What is needed
How do the lines read from the one holding "Thumbnail: 2014 Toyota Camry - 17" through the last line of the listing? Set them down exactly, pictures omitted.

Supplied material
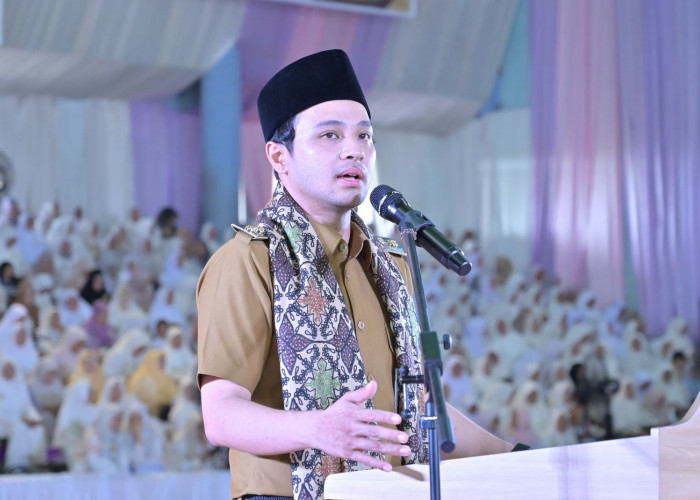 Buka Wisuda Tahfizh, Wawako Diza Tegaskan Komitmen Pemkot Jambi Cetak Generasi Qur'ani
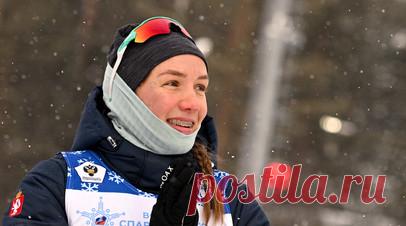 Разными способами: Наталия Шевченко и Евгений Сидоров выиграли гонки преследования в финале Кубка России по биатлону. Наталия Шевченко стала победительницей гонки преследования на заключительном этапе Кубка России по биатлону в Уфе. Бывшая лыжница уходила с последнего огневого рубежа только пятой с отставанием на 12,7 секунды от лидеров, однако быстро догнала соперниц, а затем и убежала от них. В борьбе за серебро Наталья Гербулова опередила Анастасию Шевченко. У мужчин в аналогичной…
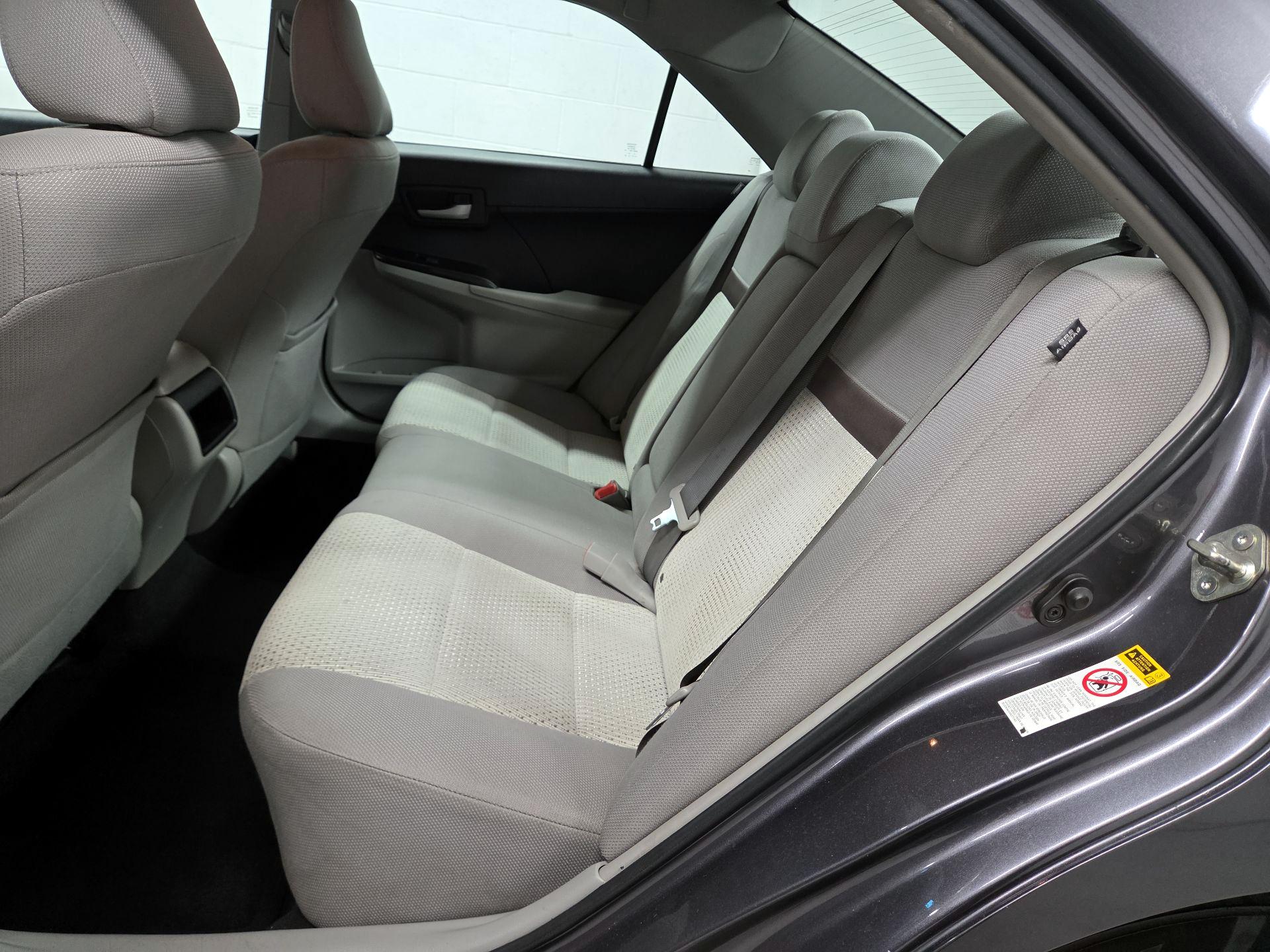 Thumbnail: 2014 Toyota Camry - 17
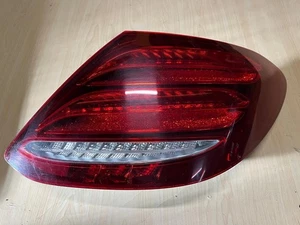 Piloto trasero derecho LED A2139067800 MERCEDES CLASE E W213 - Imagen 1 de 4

Solution to the exercise
 Thumbnail: 2014 Toyota Camry - 17
 Piloto trasero derecho LED A2139067800 MERCEDES CLASE E W213 - Imagen 1 de 4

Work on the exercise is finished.